PROBLEM TO WORK ON: Print every entry below again exactly as written, skipping the pictures.

DATA TO EXAMINE Start Marker

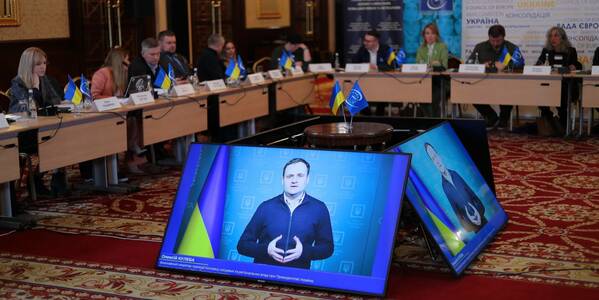 ​​​​​​​Офіс Президента підтримує Дорожню карту з доброго демократичного врядування в Україні, - Олексій Кулеба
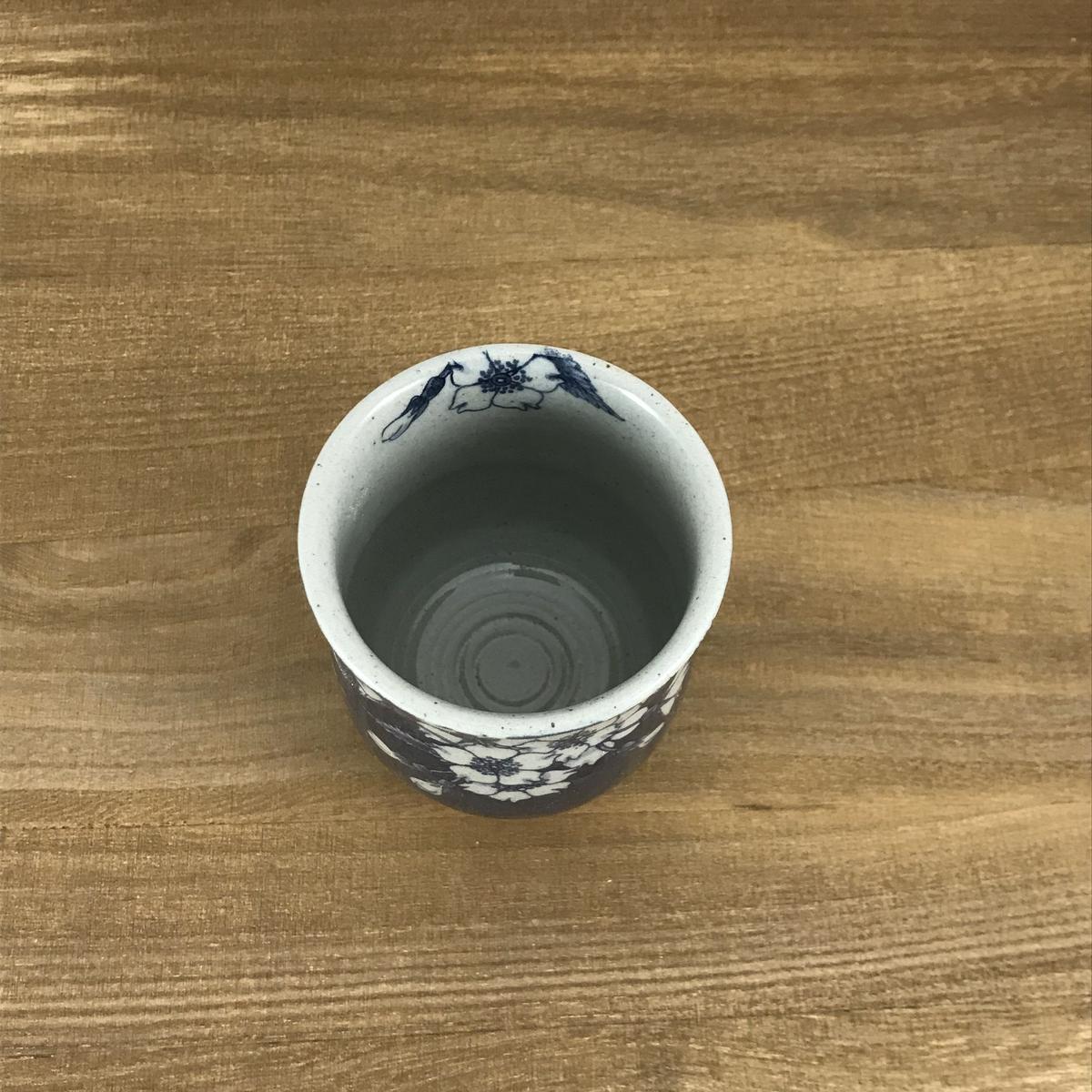 角皿　野の花　辻修作品 角皿野の花辻修作品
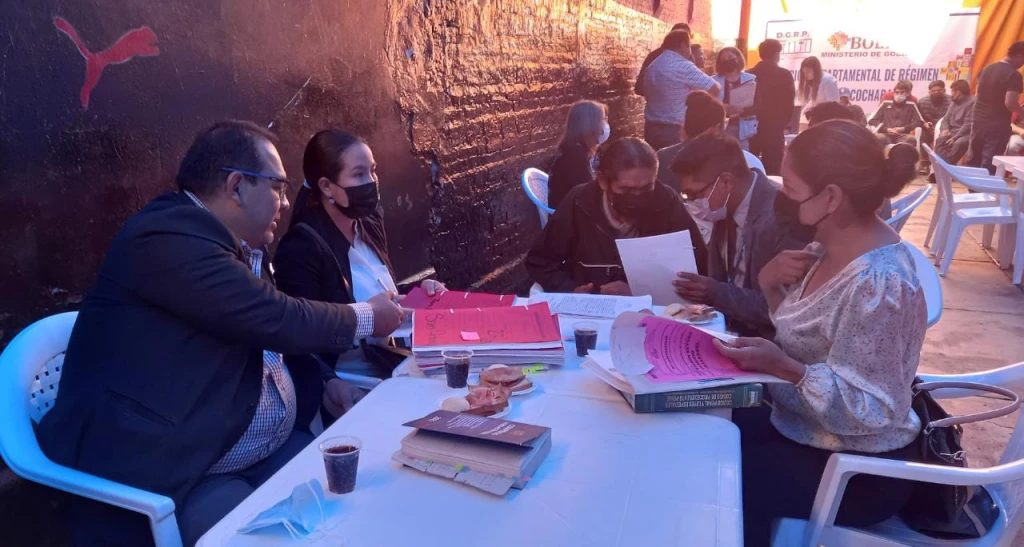 La Fiscalía de Cochabamba participa en más de 400 audiencias para reducir el hacinamiento carcelario 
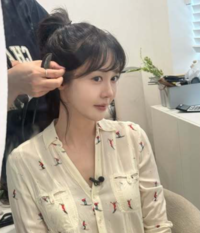 ‘46세’ 성유리, 데뷔 28주년에도 변함없는 ‘요정 미모’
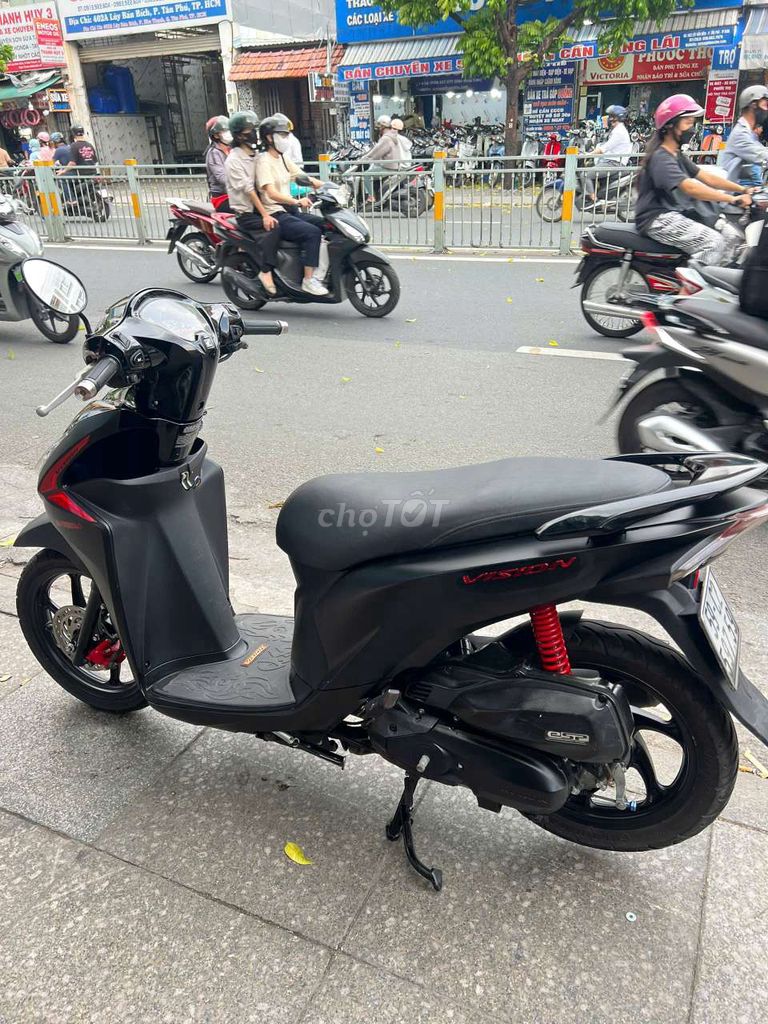 Honda Vision 2016 Черный Вьетнам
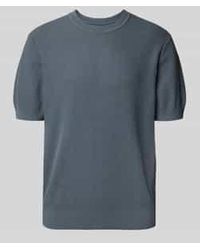 JAKE*S STUDIO MEN - T-Shirt Met Ribboorden, Model 'Casper' - Lyst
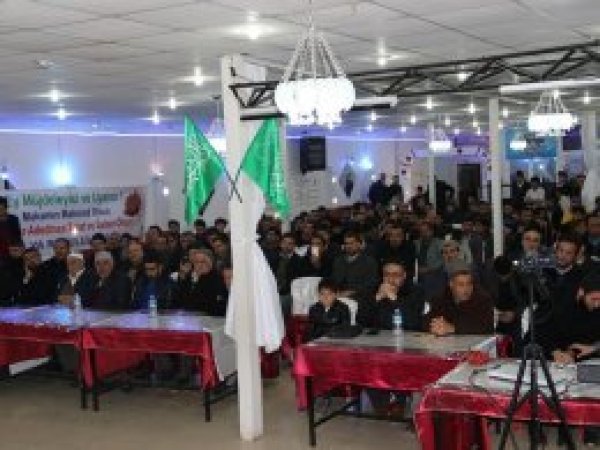 Erciş'te Mevlid-i Nebi etkinliği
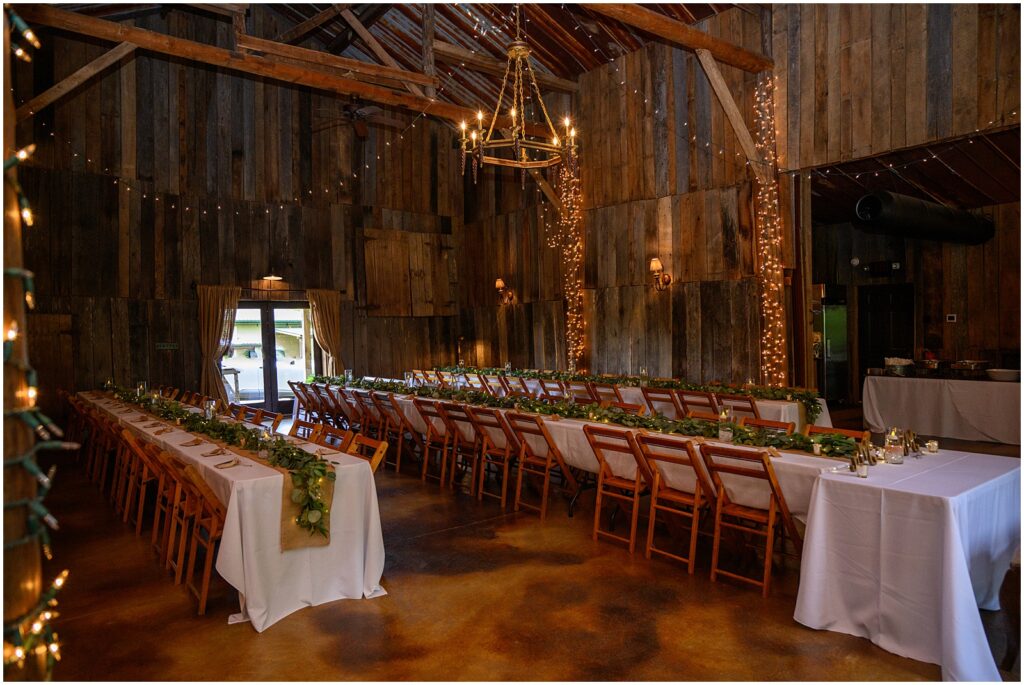 the barn at chestnut springs wedding venue in pigeon forge tn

DATA TO EXAMINE End Marker

RESULT OF THE TASK:
 ​​​​​​​Офіс Президента підтримує Дорожню карту з доброго демократичного врядування в Україні, - Олексій Кулеба
 角皿　野の花　辻修作品 角皿野の花辻修作品
 La Fiscalía de Cochabamba participa en más de 400 audiencias para reducir el hacinamiento carcelario 
 ‘46세’ 성유리, 데뷔 28주년에도 변함없는 ‘요정 미모’
 Honda Vision 2016 Черный Вьетнам
 JAKE*S STUDIO MEN - T-Shirt Met Ribboorden, Model 'Casper' - Lyst
 Erciş'te Mevlid-i Nebi etkinliği
 the barn at chestnut springs wedding venue in pigeon forge tn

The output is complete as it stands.